My cousin Will Johnson, from Saba, is a prolific and wonderful writer about days gone by on Saba. He wrote this article about my grandfather and shared it with me.
My grandfather lived to the ripe old age of 98 (and would be 122 if he was alive today). I was so very, very blessed to have him in my life until I was well into my twenties. We lived in a two family house with my grandparents until I was about 5 and I have the happiest memories of spending my days with Papa. When we moved to our own house, we were only three streets away so he continued to be an almost daily presence in my life. He was one of the kindest and compassionate men I ever knew. And he was always up for a good bit of fun too! He taught me to tie sailor's knots, make elaborate rope braids (who knew you could "make" rope), helped me and my Dad make go-carts (which in annoyed my grandmother to no end since we stole the wheels from her shopping cart), taught me how to paint a house (it is all about the right brush), that it is OK for grown men to cry tears of happiness or sadness and that if you fall down, which you will (figuratively and literally) you need to reach deep inside and pick yourself up again, no matter how hard or impossible it seems. When my grandfather was 74 he fell from a roof scaffold that collapsed (yes he was still working as a house painter at 74, his post-sailing profession). As a result he had to have one leg amputated. The doctor did not want to give him an artificial leg because of his age. He insisted upon it and a few months later walked unassisted back to that doctor and told him not to make assumptions about what people can and cannot do when they are determined. Papa had to learn to walk all over again, but did so with grace, never complaining about the bad hand he had been dealt. He even learned to dance again, because he loved a good dance.
My grandfather and father were as close as father and son instead of as father-in-law and son-in-law. They shared many things in common: life at sea, good humor despite both having very, very hard lives growing up, strength in the face of adversity, compassion for those around them and love of their family. And they both knew how to make great go-carts.
Although Eliza's memories of her Papa, my father, are limited since he died when she was only 3, I hope she can carry those memories with her. I dearly wish Eliza had been given more time with my Dad, but hopefully I can pass some of the life lessons my Dad and Papa taught me on to Eliza. And maybe someday make her a really cool flaming orange go-cart, just like my Dad and Papa made for me.
By: Will Johnson
Stanley Johnson was born to Rebecca Elizabeth Vlaun and John George Johnson on Saba on February 6th, 1890. At the age of fourteen he first set sail on various local schooners, traveling through the various West Indian Islands. He sailed with local captains including Knight Simmons, Benjamin Hassell, Thomas Vanterpool and Augustine Johnson. On January 2nd, 1922 he married my Aunt Alice Eliza Simmons (19) daughter of James Horton Simmons and Agnes Johnson.
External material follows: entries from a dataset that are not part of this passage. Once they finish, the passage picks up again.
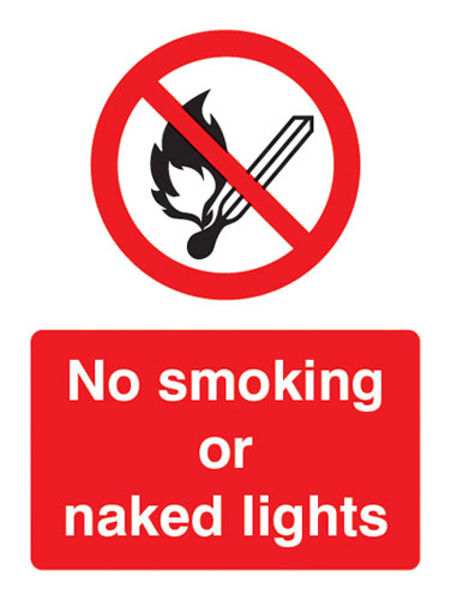 Picture of No smoking or naked lights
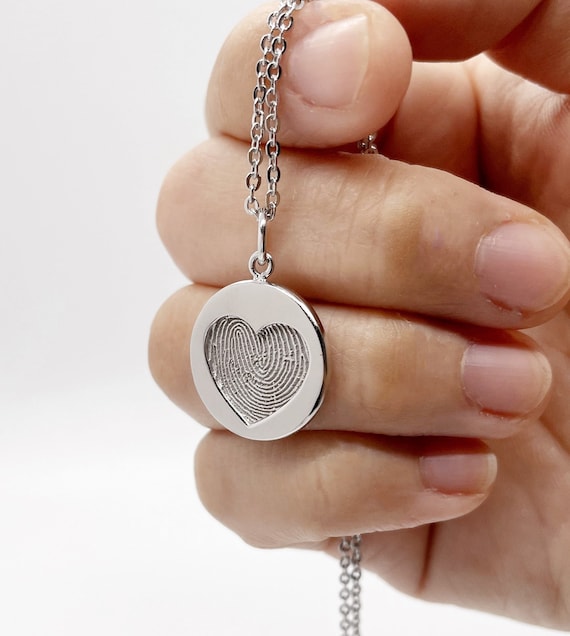 Etsy fingerprint shop necklace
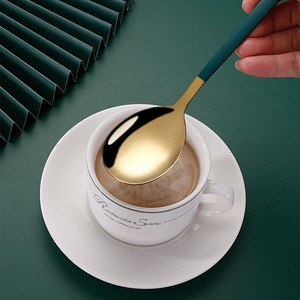 Juego de cucharillas antiadherentes para el hogar McDonald's café <span class=keywords><strong>helado</strong></span> de acero inoxidable cuchara de café creativa juego de cubiertos Besteck - Product Image 3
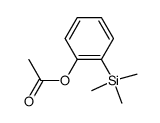 2-(三甲基硅基)苯酚乙酸酯 结构式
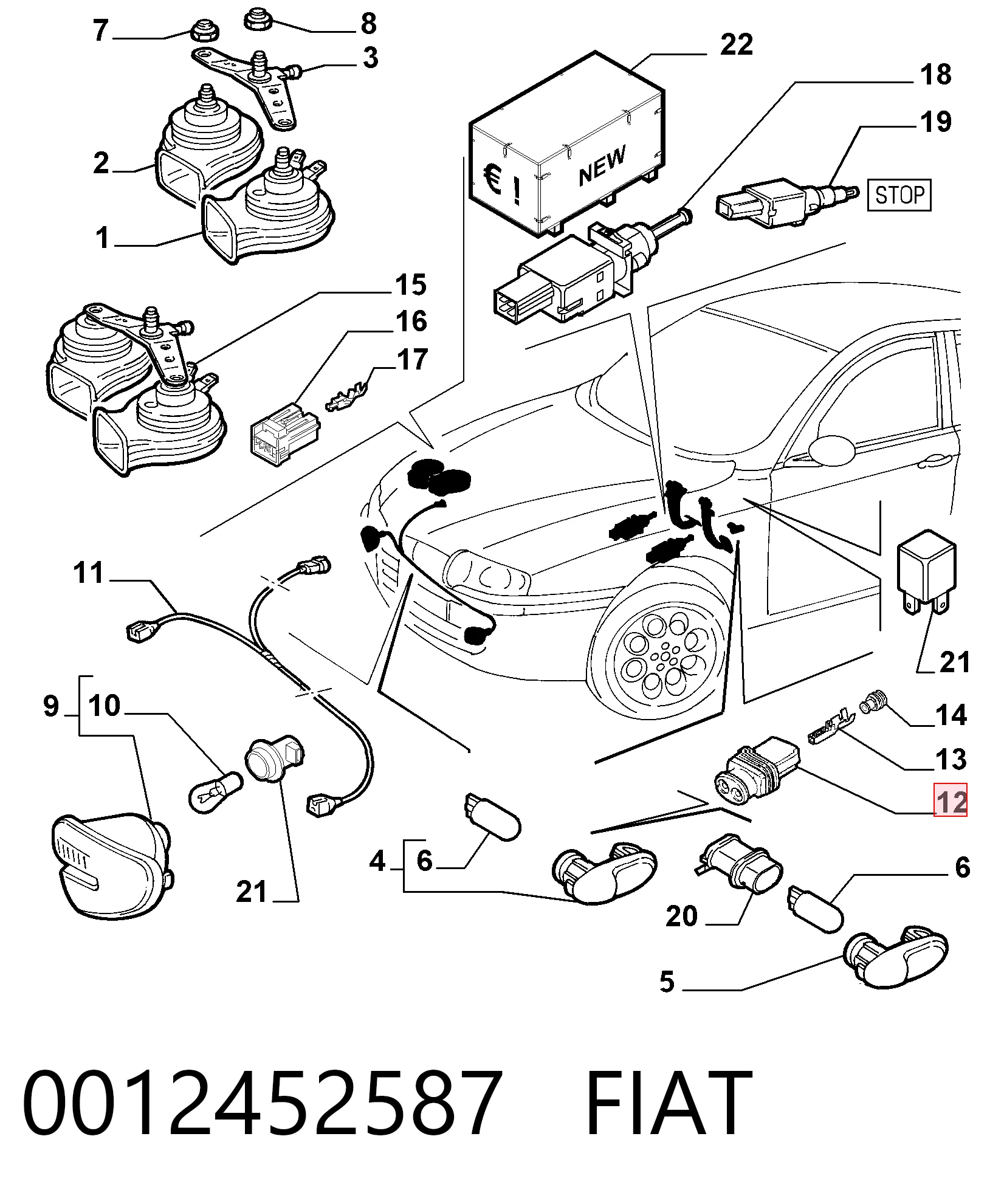 0012452587 Fiat/Alfa/Lancia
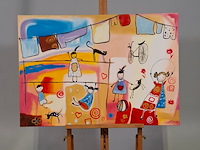 Diverse wanddecoratie, o.a. j. de leeuw - afbeelding 15 van  15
At the age of thirty-seven, Stanley sailed to the United States aboard the “SS Caracas” arriving at Ellis Island in New York on April 13th, 1927. Along with him on the steamship were six other men from Saba: Reuben Johnson (age 45), David O. Johnson (age 16), William Johnson (age 36), Moses Johnson (age 52), David Johnson (age 17) and Richard Johnson (age 45). The official Ellis Island Ship’s Manifest indicates that all seven men listed their destination as 27 South Street, in lower Manhattan. This was the address of the Sabans godfather for fifty years Mr. Hyman Kalisky a Jewish merchant who was of Eastern European origin. He and his wife operated a boarding house and clothing store which was primarily used by sailors from Saba during their stays in New York. People on Saba even name their children Kalisky back then. Mr. Kalisky served the sailors well, assisting them with employment on ships, collecting their pay and sending mail and money back home to the families the men had to leave on Saba. The Kalisky family embraced Stanley as if he were a member of the family.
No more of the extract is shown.